## [Your task]
Could you restate the entries word for word, without the images?

(Task data Opens)

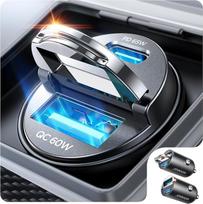 "JOYROOM" pakuotė iš 2 125W cigarečių žiebtuvėlio USB C - mini automobilinis įkroviklis su traukimo žiedu, [PD 65W ir QC 60W] itin greitas automobilinis įkroviklis, USB adapteris "iPhone 17 16", "Samsung S26 S25", "iPad" ir 12V/24V automobiliui
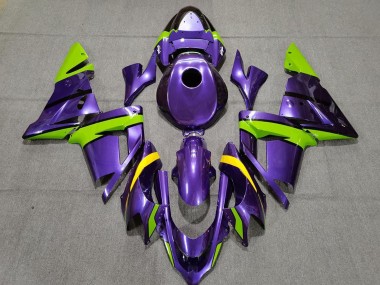 Best 2004-2005 Kawasaki ZX10R Motorcycle Fairings - Purple Green and Yellow UK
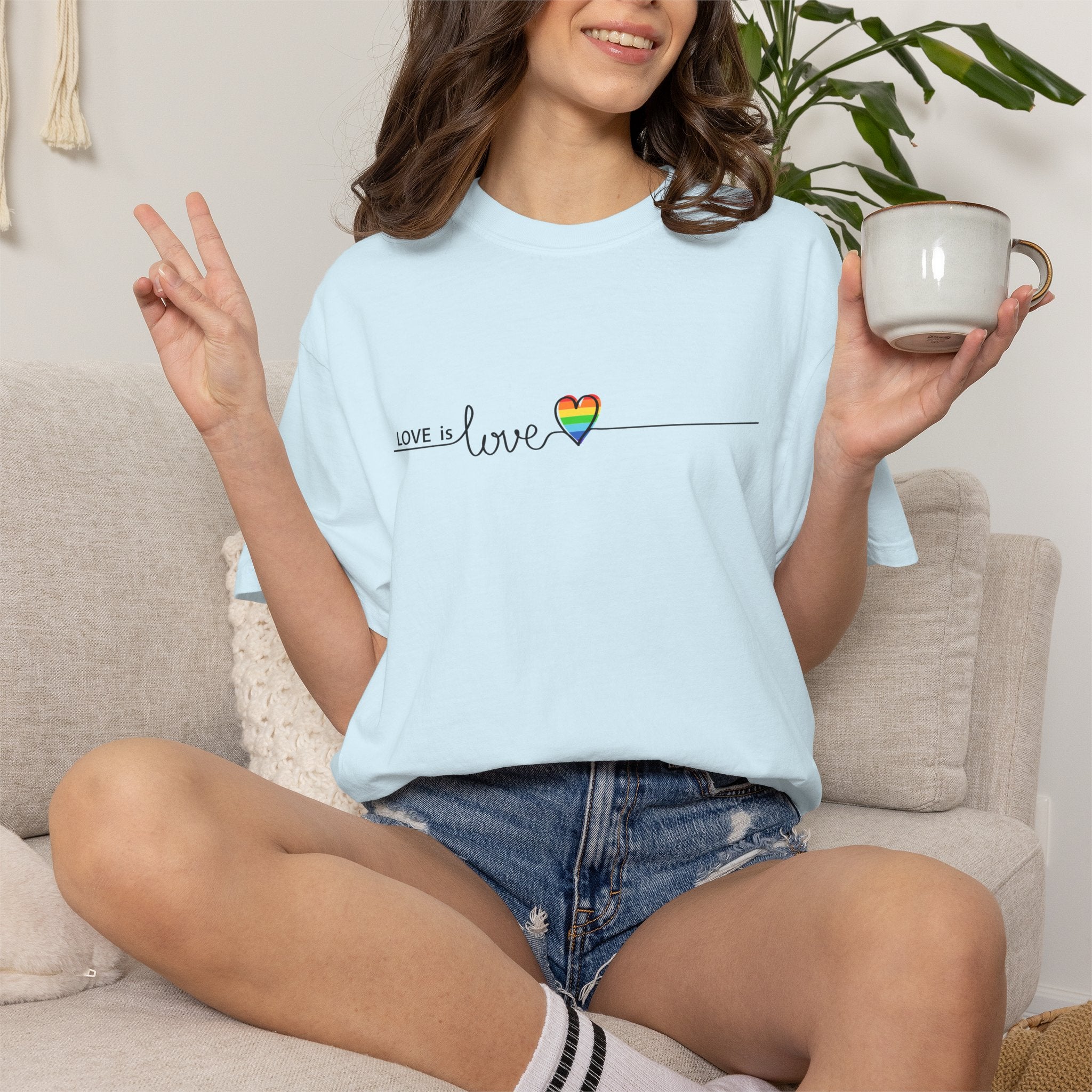 Love is Love T-Shirt — Minimal Rainbow Heart Pride Tee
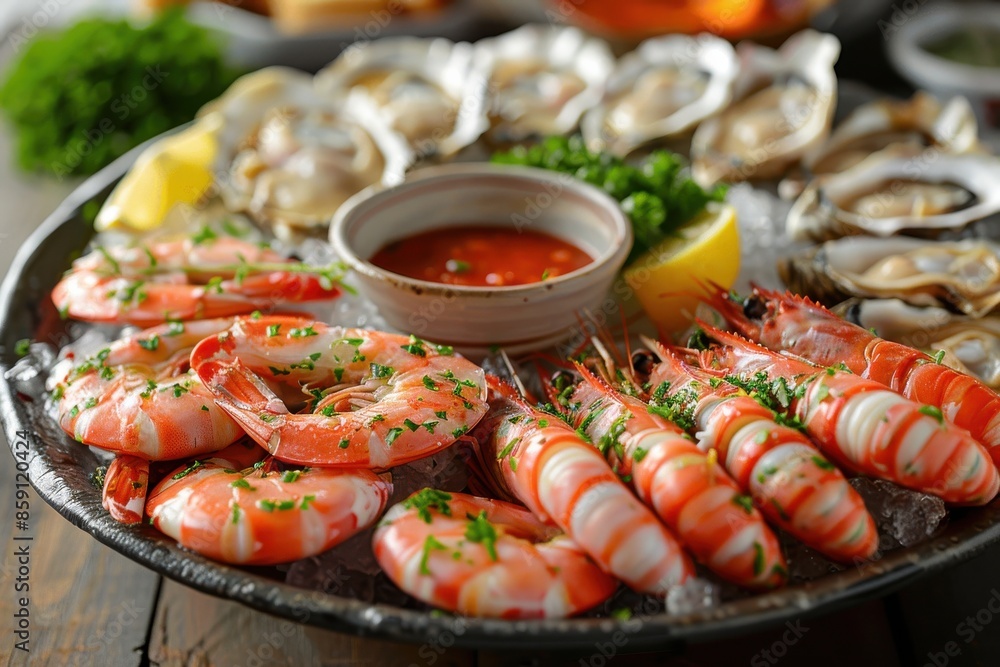 A plate of seafood with shrimp, oysters, and crab legs A plate of seafood with shrimp, oysters, and crab legs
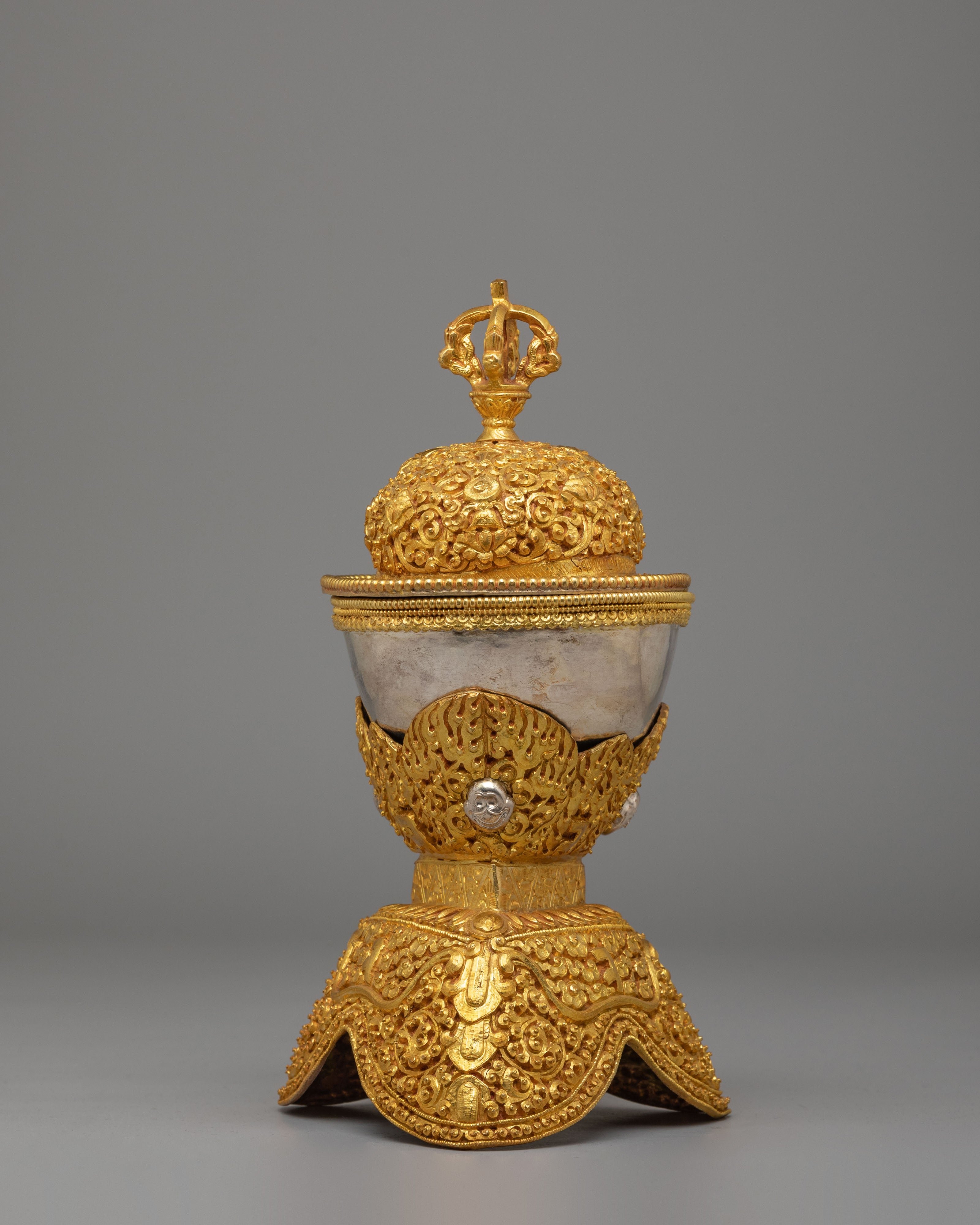 Tibetan Ritual Skull Cups for Altar | Gold and Silver Plated Kapala Set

(Task data Closes)

## [Solution]
 "JOYROOM" pakuotė iš 2 125W cigarečių žiebtuvėlio USB C - mini automobilinis įkroviklis su traukimo žiedu, [PD 65W ir QC 60W] itin greitas automobilinis įkroviklis, USB adapteris "iPhone 17 16", "Samsung S26 S25", "iPad" ir 12V/24V automobiliui
 Best 2004-2005 Kawasaki ZX10R Motorcycle Fairings - Purple Green and Yellow UK
 Love is Love T-Shirt — Minimal Rainbow Heart Pride Tee
 A plate of seafood with shrimp, oysters, and crab legs A plate of seafood with shrimp, oysters, and crab legs
 Tibetan Ritual Skull Cups for Altar | Gold and Silver Plated Kapala Set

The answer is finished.